Melihat situasi debat keras saat pertemuan para pihak yang difasilitasi Kemenkominfo beberapa waktu lalu terkait rencana penerbitan Perpres tentang Media Sustainability yang bahkan harus distop sebelum acara dimulai, menunjukan betapa masih sangat kerasnya perbedaan pandangan di kalangan komunitas pers tentang Perpres Media Sustainability ini. Baik dari sudut pandang substansi isi Perpres maupun tentang pilihan instrumen Perpres itu sendiri, kenapa bukan Perpu misalnya.
Jika dipaksakan diterbitkan, tentu sudah pasti pihak pertama yang menjadi sasaran empuk kritik tajam adalah Presiden. Padahal kita semua tahu bahwa Presiden memiliki pandangan demokratis dan menghormati nilai-nilai kebebasan pers.
Beranjak dari fakta-fakta tersebut, penulis lebih merekomendasikan kepada Presiden Bapak Joko Widodo untuk tidak menempuh jalur Peraturan Presiden untuk menjawab dinamika perkembangan pers sebagaimana yang dimuat dalam Rancangan Perpres yang diusulkan Dewan Pers kepada Kemenkominfo untuk diproses penerbitannya.
Hal ini sebagaimana pernah penulis sampaikan secara langsung dalam forum pertemuan antara Dewan Pers, Konstituen Dewan Pers, dan Mensesneg beberapa waktu lalu.
Perpu Pers Lebih Aman Bagi Presiden
Namun demikian bukan berarti negara membiarkan saja persoalan yang dihadapi oleh dunia pers terkait perkembangan dunia pers global karena perkembangan teknologi informasi yang pada beberapa hal memberikan dampak negatif bagi perkembangan pers nasional.
Menurut hemat penulis, kondisi dan tantangan yang dihadapi pers nasional saat ini, baik dari sisi bisnis maupun redaksi, sudah sampai pada level terpenuhinya keadaan genting dan memaksa sebagaimana diamanahkan UUD NRI 1945 tentang penerbitan Perpu.

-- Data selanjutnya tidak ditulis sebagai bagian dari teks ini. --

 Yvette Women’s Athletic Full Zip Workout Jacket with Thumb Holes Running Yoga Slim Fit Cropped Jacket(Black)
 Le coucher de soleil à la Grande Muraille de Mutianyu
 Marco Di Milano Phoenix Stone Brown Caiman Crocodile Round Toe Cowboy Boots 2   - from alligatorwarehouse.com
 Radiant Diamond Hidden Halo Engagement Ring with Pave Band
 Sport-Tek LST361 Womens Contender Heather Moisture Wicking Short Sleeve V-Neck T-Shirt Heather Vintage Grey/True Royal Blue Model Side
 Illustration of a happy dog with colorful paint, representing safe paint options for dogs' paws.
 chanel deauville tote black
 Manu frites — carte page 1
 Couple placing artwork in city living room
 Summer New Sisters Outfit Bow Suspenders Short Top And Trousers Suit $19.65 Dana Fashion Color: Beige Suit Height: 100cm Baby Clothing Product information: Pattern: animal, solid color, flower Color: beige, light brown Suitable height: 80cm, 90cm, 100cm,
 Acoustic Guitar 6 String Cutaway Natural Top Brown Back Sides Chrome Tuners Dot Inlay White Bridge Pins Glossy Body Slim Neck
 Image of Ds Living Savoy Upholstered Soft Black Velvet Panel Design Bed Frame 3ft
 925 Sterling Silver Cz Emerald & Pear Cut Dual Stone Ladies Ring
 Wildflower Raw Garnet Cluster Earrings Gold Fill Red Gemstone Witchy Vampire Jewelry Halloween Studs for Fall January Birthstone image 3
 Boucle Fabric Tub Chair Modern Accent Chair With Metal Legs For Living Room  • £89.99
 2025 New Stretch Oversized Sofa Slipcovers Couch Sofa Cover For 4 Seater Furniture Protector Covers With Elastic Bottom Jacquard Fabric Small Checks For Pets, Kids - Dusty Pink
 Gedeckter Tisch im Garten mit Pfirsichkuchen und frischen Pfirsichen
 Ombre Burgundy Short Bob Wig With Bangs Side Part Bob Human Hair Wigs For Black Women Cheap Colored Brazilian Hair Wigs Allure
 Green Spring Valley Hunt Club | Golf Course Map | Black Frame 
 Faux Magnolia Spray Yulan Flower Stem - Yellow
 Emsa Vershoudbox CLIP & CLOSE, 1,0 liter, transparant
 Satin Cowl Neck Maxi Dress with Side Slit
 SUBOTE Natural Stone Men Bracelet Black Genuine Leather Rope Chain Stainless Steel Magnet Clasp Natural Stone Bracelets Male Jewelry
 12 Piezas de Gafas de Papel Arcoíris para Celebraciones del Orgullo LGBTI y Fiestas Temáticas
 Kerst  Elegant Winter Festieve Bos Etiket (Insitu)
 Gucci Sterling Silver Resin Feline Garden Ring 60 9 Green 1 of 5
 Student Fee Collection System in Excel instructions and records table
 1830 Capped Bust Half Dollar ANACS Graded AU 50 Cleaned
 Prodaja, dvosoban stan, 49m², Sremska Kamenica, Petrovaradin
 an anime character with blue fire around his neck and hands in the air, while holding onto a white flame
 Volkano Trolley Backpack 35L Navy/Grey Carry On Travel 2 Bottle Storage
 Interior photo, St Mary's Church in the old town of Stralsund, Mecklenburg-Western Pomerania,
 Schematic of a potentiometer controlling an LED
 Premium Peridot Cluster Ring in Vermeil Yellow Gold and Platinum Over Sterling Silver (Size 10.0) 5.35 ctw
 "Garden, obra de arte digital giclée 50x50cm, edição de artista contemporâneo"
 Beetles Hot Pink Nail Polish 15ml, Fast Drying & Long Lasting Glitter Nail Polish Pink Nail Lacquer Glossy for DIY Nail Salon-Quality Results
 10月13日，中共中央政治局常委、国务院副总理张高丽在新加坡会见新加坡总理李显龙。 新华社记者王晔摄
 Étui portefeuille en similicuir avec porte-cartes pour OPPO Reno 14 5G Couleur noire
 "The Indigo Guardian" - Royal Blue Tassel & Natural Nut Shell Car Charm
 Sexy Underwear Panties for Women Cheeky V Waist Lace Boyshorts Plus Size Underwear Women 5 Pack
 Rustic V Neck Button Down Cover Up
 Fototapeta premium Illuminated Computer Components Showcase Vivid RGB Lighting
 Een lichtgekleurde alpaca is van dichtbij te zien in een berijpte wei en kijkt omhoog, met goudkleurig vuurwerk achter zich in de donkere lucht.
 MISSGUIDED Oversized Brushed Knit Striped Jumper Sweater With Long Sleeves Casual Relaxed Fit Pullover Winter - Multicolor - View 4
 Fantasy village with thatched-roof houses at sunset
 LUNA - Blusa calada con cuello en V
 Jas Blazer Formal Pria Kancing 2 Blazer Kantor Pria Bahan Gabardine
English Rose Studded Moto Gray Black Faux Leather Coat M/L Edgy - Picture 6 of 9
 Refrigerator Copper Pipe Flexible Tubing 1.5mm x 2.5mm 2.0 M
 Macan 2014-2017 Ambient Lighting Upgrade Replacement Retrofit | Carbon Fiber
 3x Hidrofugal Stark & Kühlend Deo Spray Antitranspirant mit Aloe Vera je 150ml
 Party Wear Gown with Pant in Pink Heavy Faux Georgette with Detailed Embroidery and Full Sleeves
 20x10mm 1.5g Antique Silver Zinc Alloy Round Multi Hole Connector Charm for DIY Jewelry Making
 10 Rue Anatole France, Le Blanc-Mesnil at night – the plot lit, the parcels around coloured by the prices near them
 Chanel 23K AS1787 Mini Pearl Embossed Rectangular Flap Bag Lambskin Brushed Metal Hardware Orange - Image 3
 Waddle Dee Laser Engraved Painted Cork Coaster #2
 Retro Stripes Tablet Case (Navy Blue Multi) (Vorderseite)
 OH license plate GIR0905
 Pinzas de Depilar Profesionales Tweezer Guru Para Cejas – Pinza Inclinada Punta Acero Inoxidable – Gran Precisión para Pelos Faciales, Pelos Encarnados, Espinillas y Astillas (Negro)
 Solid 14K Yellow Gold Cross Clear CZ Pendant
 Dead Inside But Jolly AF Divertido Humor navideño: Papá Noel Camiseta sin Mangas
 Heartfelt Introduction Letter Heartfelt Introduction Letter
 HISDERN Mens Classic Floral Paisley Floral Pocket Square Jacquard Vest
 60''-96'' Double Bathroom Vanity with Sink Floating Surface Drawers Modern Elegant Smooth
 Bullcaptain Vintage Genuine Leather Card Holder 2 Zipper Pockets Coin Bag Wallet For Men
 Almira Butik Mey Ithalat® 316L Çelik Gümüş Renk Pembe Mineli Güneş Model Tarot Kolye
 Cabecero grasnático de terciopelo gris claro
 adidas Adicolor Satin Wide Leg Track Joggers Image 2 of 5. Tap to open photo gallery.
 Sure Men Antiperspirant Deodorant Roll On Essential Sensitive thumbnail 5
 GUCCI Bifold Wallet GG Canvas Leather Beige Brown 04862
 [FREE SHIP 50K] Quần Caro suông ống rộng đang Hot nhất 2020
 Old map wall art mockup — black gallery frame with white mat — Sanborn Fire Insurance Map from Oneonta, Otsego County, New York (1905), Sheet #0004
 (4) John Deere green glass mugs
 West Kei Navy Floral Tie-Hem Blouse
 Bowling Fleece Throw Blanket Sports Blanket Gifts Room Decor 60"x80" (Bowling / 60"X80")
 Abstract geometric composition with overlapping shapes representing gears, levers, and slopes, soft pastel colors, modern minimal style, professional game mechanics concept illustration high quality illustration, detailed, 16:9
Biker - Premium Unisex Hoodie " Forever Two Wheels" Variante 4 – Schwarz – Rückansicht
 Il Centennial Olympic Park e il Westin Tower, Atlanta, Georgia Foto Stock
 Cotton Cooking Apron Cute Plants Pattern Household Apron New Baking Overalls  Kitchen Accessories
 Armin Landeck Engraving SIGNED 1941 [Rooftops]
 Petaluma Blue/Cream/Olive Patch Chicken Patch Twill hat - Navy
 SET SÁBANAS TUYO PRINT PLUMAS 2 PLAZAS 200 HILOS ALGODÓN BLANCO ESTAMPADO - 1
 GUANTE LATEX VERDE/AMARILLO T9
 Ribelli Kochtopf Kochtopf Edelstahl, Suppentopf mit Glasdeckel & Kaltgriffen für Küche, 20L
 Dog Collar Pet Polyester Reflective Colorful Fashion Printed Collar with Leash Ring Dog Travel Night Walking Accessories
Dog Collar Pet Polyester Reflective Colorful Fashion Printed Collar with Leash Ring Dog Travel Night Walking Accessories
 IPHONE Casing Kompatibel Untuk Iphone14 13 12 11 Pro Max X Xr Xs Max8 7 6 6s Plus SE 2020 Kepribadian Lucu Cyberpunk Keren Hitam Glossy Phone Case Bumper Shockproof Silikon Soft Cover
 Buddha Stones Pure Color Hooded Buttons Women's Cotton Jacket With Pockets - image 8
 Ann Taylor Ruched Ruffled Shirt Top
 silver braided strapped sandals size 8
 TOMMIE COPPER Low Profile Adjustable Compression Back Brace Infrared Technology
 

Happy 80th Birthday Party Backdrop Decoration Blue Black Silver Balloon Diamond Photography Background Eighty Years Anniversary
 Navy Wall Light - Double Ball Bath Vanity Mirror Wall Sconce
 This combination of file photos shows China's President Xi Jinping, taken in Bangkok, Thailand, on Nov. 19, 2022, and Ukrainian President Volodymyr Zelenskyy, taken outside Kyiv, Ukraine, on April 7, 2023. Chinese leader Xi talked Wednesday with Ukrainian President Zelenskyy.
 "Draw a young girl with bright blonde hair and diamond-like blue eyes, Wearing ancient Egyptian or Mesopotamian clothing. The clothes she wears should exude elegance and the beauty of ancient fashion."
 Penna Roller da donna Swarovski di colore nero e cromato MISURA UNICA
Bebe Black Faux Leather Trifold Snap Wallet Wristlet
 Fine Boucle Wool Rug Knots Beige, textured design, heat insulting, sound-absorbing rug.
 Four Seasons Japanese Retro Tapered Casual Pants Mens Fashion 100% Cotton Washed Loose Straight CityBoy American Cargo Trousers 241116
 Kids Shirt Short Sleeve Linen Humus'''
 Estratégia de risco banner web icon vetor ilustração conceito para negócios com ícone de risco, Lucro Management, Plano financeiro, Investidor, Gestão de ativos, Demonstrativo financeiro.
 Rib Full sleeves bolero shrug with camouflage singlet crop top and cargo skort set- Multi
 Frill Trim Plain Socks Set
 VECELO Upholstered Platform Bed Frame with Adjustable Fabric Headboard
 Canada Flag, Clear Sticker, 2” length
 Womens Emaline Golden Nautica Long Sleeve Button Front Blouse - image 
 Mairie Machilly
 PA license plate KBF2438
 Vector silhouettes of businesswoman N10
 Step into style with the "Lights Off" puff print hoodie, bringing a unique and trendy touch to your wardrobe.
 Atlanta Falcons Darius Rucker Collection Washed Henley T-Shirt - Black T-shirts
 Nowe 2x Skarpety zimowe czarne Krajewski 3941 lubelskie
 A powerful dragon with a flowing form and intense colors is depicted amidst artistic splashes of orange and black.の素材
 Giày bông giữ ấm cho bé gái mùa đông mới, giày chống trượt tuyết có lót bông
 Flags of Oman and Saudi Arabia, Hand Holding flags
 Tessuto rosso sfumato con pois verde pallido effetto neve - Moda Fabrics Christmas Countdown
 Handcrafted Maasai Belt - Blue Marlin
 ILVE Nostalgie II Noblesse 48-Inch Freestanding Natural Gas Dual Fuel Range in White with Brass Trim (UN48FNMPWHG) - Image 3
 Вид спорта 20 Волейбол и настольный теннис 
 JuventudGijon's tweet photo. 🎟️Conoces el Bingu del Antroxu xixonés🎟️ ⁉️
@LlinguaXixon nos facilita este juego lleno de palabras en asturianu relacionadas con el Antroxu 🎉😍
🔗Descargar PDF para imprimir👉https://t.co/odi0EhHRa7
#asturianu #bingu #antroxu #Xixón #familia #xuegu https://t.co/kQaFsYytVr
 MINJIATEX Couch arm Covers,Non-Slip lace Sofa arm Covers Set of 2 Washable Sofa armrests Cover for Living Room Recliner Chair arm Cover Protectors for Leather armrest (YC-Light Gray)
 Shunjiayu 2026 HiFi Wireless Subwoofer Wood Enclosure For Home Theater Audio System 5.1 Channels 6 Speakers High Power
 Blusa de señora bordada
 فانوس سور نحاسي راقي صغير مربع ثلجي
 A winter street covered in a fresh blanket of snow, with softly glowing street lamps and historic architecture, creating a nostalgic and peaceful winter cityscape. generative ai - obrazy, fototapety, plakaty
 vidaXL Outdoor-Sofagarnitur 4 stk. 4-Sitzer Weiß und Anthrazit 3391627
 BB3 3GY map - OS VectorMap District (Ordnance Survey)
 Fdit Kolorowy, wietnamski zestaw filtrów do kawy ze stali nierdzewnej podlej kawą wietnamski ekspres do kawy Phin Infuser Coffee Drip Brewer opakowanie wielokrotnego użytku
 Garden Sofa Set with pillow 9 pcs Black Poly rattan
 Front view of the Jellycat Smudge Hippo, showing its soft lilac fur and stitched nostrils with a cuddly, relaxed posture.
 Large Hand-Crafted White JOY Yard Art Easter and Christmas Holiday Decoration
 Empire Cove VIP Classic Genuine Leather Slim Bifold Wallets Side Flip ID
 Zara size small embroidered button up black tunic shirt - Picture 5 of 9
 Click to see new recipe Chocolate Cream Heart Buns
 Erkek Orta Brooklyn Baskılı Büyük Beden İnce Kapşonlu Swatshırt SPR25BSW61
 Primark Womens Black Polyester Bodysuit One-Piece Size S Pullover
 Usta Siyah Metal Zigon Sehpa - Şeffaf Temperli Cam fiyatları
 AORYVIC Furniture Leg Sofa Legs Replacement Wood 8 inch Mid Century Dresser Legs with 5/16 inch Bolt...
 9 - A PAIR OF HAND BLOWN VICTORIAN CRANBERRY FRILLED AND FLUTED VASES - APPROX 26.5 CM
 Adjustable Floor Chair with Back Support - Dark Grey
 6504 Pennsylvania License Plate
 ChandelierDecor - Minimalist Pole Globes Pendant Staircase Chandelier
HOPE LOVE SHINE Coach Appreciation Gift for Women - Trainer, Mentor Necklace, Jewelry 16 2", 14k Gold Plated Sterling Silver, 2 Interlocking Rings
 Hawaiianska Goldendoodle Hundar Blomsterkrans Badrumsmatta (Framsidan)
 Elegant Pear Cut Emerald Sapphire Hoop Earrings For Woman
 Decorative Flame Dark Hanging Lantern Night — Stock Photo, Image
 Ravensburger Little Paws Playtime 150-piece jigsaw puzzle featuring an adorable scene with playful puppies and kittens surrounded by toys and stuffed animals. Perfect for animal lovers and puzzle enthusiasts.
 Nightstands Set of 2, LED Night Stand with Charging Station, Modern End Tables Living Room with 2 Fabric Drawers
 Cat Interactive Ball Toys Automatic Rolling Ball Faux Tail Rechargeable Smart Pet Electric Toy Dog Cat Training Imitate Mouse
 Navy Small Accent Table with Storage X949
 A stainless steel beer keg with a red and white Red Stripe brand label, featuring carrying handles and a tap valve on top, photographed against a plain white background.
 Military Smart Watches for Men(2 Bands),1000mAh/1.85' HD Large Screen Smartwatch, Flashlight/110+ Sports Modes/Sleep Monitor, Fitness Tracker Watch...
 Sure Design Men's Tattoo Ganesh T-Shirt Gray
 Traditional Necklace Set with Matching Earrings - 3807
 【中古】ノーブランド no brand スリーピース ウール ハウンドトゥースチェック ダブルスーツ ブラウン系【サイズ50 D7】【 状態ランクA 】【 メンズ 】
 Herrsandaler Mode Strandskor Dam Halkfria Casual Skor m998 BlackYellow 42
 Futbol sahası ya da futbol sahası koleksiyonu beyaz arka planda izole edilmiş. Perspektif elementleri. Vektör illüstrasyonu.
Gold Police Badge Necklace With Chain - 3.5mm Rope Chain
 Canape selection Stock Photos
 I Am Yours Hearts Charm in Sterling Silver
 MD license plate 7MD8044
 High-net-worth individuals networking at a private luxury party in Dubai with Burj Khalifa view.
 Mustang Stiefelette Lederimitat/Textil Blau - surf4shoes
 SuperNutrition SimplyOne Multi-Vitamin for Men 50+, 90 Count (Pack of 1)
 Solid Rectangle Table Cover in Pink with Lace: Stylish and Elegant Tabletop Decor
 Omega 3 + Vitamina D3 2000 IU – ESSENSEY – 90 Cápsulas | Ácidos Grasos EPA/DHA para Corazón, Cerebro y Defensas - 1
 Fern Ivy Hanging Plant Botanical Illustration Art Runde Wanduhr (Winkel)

Hal ini sebagai akibat tidak memadainya lagi UU Nomor 40 Tahun 1999 tentang Pers untuk menjawab dan menanggulangi tantangan pers nasional, terutama dalam menghadapi apa yang disebut predator pers global. Negara harus hadir untuk memberikan jalan keluar yang elegan.
UU Pers ini sudah berumur 24 tahun. Lahir saat awal reformasi, sebelum amandemen UUD 1945, saat telepon seluler masih hanya dimiliki segelintir kalangan elit dan telepon lintas provinsi masih roaming, saat SMS belum dikenal apalagi internet.
Google masih di alam rahim teknologi informasi. Predator pers jangankan dikenal, mendengar sajapun belum saat itu.
Membandingkan kondisi saat itu, tahun 1999 saat UU Pers lahir, dengan saat ini, tahun 2023, akan membawa pada kesimpulan adanya suatu keadaan dimana terjadi situasi keadaan genting dan memaksa sehingga sangat layak jika Presiden menerbitkan Perpu tentang Pers.